■ WORK TO COMPLETE:
Below is a listing. Return the lines from the one that contains "Because a project" to the one that contains "Our final section", both ends included, verbatim and with no pictures.

[[ SUPPLIED DATA open ]]

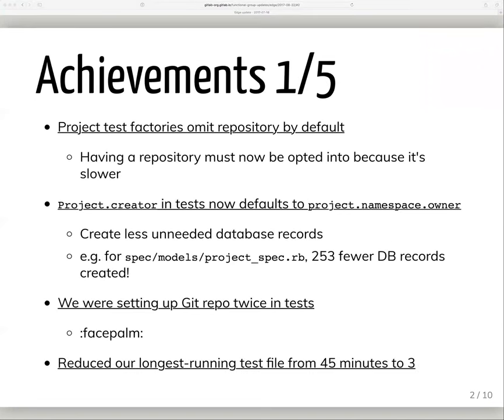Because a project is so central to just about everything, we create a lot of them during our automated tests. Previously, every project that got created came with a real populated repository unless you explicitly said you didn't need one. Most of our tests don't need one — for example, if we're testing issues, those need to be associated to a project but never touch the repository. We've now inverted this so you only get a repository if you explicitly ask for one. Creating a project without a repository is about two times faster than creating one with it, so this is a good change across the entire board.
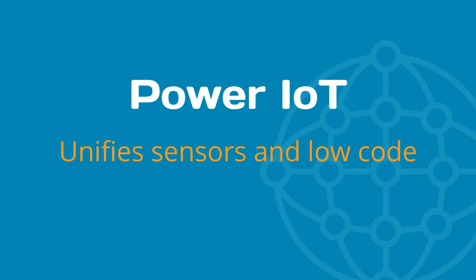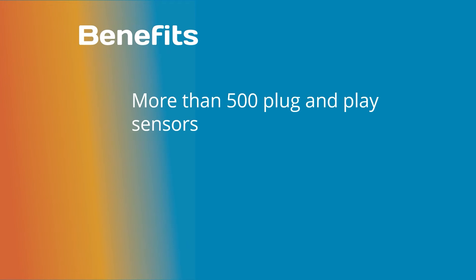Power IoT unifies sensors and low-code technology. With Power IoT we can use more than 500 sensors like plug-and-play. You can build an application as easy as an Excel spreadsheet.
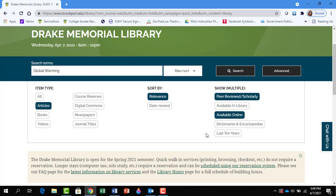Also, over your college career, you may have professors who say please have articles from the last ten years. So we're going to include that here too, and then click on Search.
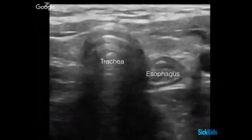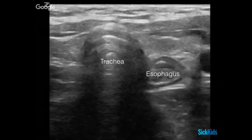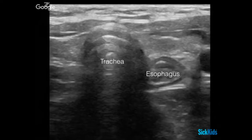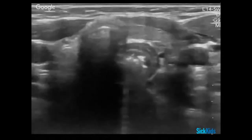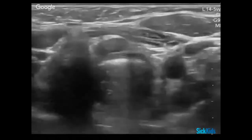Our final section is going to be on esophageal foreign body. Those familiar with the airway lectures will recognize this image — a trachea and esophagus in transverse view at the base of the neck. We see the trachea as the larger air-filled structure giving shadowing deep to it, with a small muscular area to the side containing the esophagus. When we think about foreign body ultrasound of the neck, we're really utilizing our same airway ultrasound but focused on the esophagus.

[[ SUPPLIED DATA closed ]]
[[ SUPPLIED DATA open ]]

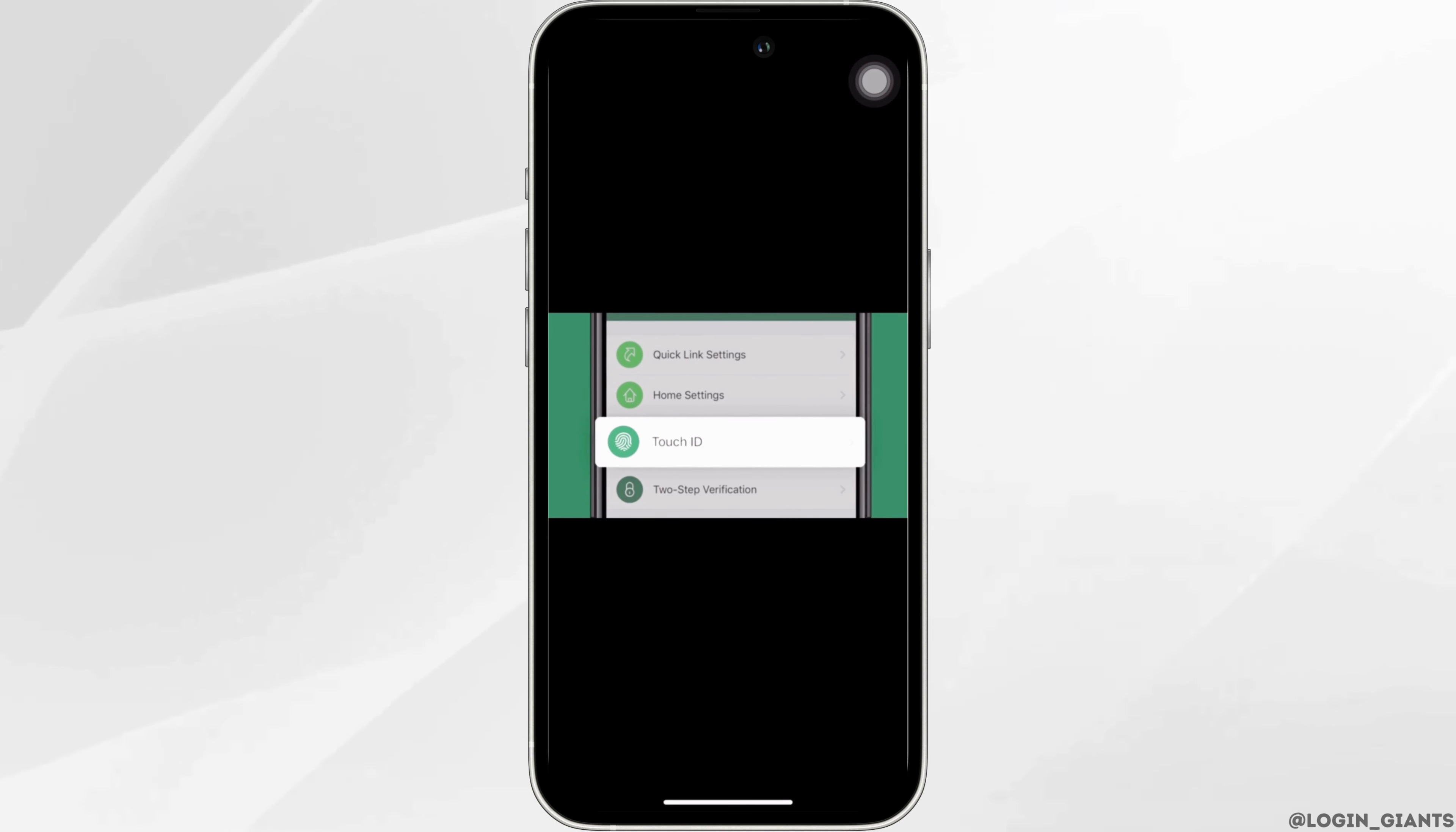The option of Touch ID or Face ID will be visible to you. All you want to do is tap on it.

[[ SUPPLIED DATA closed ]]
[[ SUPPLIED DATA open ]]

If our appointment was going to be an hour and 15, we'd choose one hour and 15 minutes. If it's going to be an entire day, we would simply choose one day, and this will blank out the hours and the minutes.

[[ SUPPLIED DATA closed ]]

■ RESPONSE BOX:
Because a project is so central to just about everything, we create a lot of them during our automated tests. Previously, every project that got created came with a real populated repository unless you explicitly said you didn't need one. Most of our tests don't need one — for example, if we're testing issues, those need to be associated to a project but never touch the repository. We've now inverted this so you only get a repository if you explicitly ask for one. Creating a project without a repository is about two times faster than creating one with it, so this is a good change across the entire board.
Power IoT unifies sensors and low-code technology. With Power IoT we can use more than 500 sensors like plug-and-play. You can build an application as easy as an Excel spreadsheet.
Also, over your college career, you may have professors who say please have articles from the last ten years. So we're going to include that here too, and then click on Search.
Our final section is going to be on esophageal foreign body. Those familiar with the airway lectures will recognize this image — a trachea and esophagus in transverse view at the base of the neck. We see the trachea as the larger air-filled structure giving shadowing deep to it, with a small muscular area to the side containing the esophagus. When we think about foreign body ultrasound of the neck, we're really utilizing our same airway ultrasound but focused on the esophagus.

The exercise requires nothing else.